It’s a bit harsh, but I’ve been accused of driving a hairdresser’s car. What, me? In my MINI Roadster? What exactly is a hairdresser’s car anyway? It could be defined as a car that appeals to women first, followed closely by image-conscious men, but is that such a bad thing? And should it stop a man like me from enjoying a car like this?
Let’s face it, ever since the new MINI arrived in 2001, it’s been favoured by the fairer sex. At the press launch of the Roadster last year, MINI execs were keen to point out that the ‘macho’ newcomer was designed to shift that more towards red-blooded males, but they weren’t fooling anyone. And as our straw poll of the public – taken on the streets of fashionable East London – shows, it’s obvious how this car is perceived.
But everyone is entitled to their own opinion, and this is where I stand: I’m a big fan. Okay, so driving a two-seater sports car carries some stigma, but the Roadster’s chunky looks are definitely growing on me, especially with the JCW bodykit, racing stripes and big wheels. As I’ve said before, I think the two-seater layout with a bigger boot is a more efficient use of the space available than the MINI Convertible, with its tiny boot and cramped rear seats.
There are a few issues, though, and the first is refinement. With the roof up, the Roadster is a far cry from the Coupe. It’s a good thing we have the top-spec Harman Kardon stereo fitted, because with all the wind and tyre noise at motorway speeds, we wouldn’t be able to hear the radio. And although our Cooper S isn’t even the firmest model in the range (that’s the JCW Roadster), the suspension is fairly unforgiving over imperfections in the road.
There are other niggles, too. Build quality is generally top-notch, as you’d expect from a BMW-engineered product, but the passenger seatbelt tends to knock against the door if you’re driving alone – I’ve taken to fastening it across the seat when it’s not in use.
Then there’s the rear spoiler, which pops up automatically above 50mph. While it’s a neat touch, it blocks the bottom third of your already narrow view out the back. The multispoke alloy wheels look fantastic, yet they’re a nightmare to clean, while the manual hood release is a bit of a chore – you twist the handle and give a firm push upwards before the motors take over.
So the Roadster hasn’t got the same impeccable refinement as an Audi TT, and the ergonomics aren’t perfect, but none of that bothers me as much as it should. The overriding sensation when I’m driving is a great feeling of connection to the car and the road – something that’s rare these days.
All the major controls – the steering, gearchange, brakes and throttle – have a wonderful mechanical precision to them that reeks of obsessive engineering.

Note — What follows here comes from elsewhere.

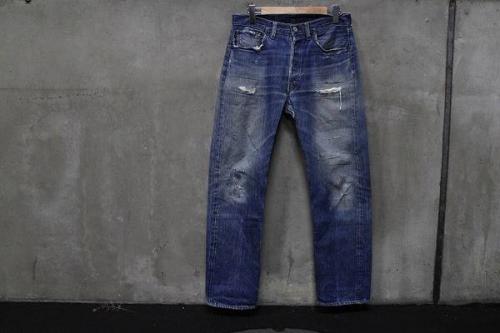 18年09月28日：画像８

But there’s character here, too. I can’t drive to the end of the road without selecting Sport mode and listening to the pops and bangs from the exhaust on the overrun. And why anyone would go for the overpriced JCW version when the Cooper S feels just as quick as this is frankly beyond me.
It will be interesting to see how the Roadster copes with winter, but for now we’re enjoying every minute of our time with it, whatever other people say.
“The Roadster is fun but flawed. Refinement is poor and on bumpy roads the handling can be wayward. Yet it’s hard to ignore the car’s strong performance, burbling soundtrack and razor-sharp responses.”
Luke Madden, Deputy news editor
“I’ve been cruel about recent models from MINI, but this one makes sense. It looks good and BMW has obviously put a lot of thought into the packaging and price.”
sgtgrash, via www.autoexpress.co.uk
“I like the MINI, but I’d have to get it in black. I’ve got a Brabus Smart car, which isn’t the most manly thing, though.”
Koran Ismail, 18, Assistant, Jack the Clipper
“It’s definitely a girl’s car. The only boy I could see driving this is an Essex boy.”
Lily Kay, 24, Event business manager
“I think it’s a great-looking car. I wouldn’t buy one, though – maybe my girlfriend would.”